Go through the data below and gather each line containing "image".

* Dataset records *
================================
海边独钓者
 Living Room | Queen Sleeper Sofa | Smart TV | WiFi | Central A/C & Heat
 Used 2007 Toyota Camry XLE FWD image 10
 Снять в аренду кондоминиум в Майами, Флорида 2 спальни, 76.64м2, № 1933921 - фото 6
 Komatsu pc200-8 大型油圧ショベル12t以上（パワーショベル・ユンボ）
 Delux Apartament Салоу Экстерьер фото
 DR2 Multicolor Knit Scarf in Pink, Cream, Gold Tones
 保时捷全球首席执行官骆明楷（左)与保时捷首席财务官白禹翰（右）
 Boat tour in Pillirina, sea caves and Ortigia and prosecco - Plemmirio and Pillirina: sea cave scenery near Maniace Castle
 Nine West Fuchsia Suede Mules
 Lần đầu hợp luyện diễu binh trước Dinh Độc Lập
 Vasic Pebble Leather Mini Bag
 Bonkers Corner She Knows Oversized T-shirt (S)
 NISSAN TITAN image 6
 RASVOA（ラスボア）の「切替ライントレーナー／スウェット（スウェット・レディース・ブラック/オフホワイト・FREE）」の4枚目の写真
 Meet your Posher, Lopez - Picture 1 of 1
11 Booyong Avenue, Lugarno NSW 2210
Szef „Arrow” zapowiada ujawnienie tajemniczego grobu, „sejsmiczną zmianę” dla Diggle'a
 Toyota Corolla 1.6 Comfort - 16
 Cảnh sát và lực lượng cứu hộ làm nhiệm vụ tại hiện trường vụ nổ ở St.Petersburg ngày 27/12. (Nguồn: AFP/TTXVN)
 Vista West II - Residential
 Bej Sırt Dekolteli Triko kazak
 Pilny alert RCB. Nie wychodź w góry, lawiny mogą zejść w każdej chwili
================================
* RESULT *
 Used 2007 Toyota Camry XLE FWD image 10
 NISSAN TITAN image 6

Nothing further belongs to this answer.